Great post. "Do not expect anything to come from dating charming people." It's kinda obvious if you think about it, but it needs to be said, because lots of girls (and guys) seem blind to this false charm. I suspect there are more people like this at Harvard than in most places, what with all the networking and politicking and all that. There are kids here who have incredible charisma, who make you feel as if you're the only person in the world, who treat every person as their long-lost best friend - except, if you think about it, they don't like you at all, because if you were somebody completely different, they would treat you exactly the same, you're absolutely interchangeable to them.
I myself am always at my best with people I'm uninterested in. With people I really like, I'm a total bore, because I'm not looking to put on an act and entertain them, I'm just free to be my regular boring self.

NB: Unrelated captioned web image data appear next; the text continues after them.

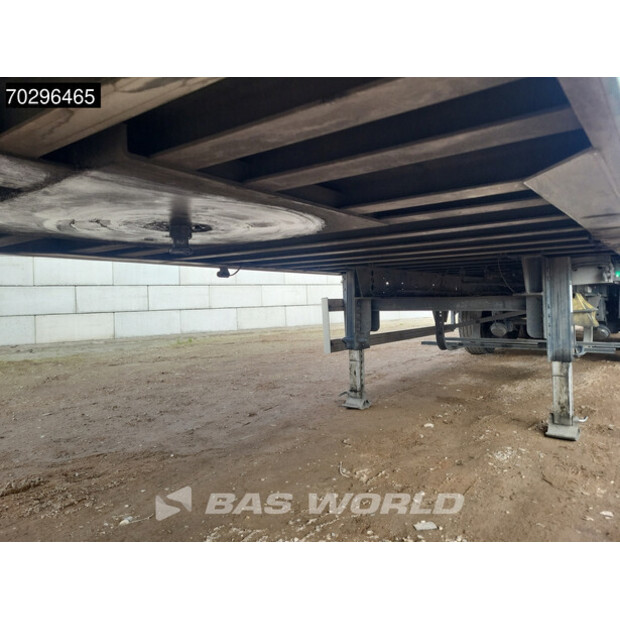 2019 Knapen K200-42957499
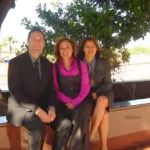 Law Offices of Blair C. Greene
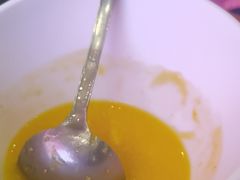 -老板恋上鱼(环山路店)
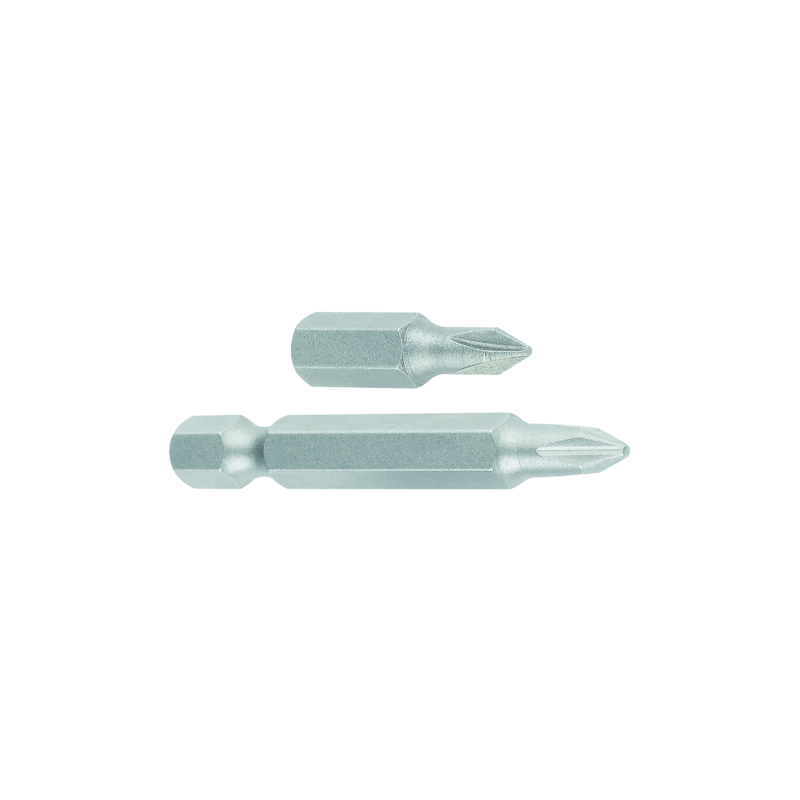 pu-ph1-1.tif_normal.png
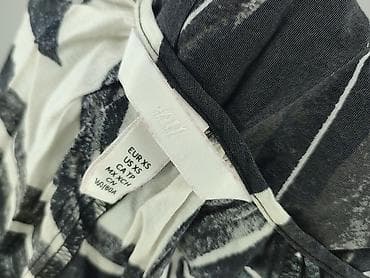 hm bluza formula 1: H&M, Sukienka damska, rozmiar XS — 4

The trick is to come to terms with that regular, boring self. I'm not one of those new age-y people who says you have to learn to love yourself before you love others, in fact I'm quite opposed to loving yourself. But you do at the least have to like yourself. Otherwise, when you're in a relationship, you'll have to keep the act up, keep entertaining her 24/7, and will inevitably run out of steam. The goal of love, as I see it, is not to keep each other entertained, but to be able to simply be yourselves, your private selves - to be with one another as you would be if you were alone.

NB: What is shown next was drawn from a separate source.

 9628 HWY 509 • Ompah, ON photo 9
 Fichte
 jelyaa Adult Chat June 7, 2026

I am not yet anywhere near that point - I still often prefer my act, my entertaining side, to my real side. My real side is the side that hates it here and gets depressed and all that jazz. I went on a few dates this year with a truly wonderful girl, the only girl with whom I've ever truly been able to be myself, but I don't think either one of us could have kept it up because we're both in kinda bad places and it would just have ended up as a suicide pact or something.
So until I'm able to make peace with myself (and I hope that leaving Harvard will help a great deal), I'm staying away from romance. Because, if I'm going down, I don't want to take anyone else down with me!
To return to book recommendations, my favorite author by far on this subject is Hemingway. I would recommend A Farewell to Arms in particular. Hemingway's couples talk of love and wonderful romantic futures, but he shows that they know, deep down, that their talk is empty, that they are playing roles, and nothing more.
p.s. to end the post on a lighter note, I am proud to report that at least one person has come upon my blog after a google search on "Nipples Photography." I am sorry if I disappointed them!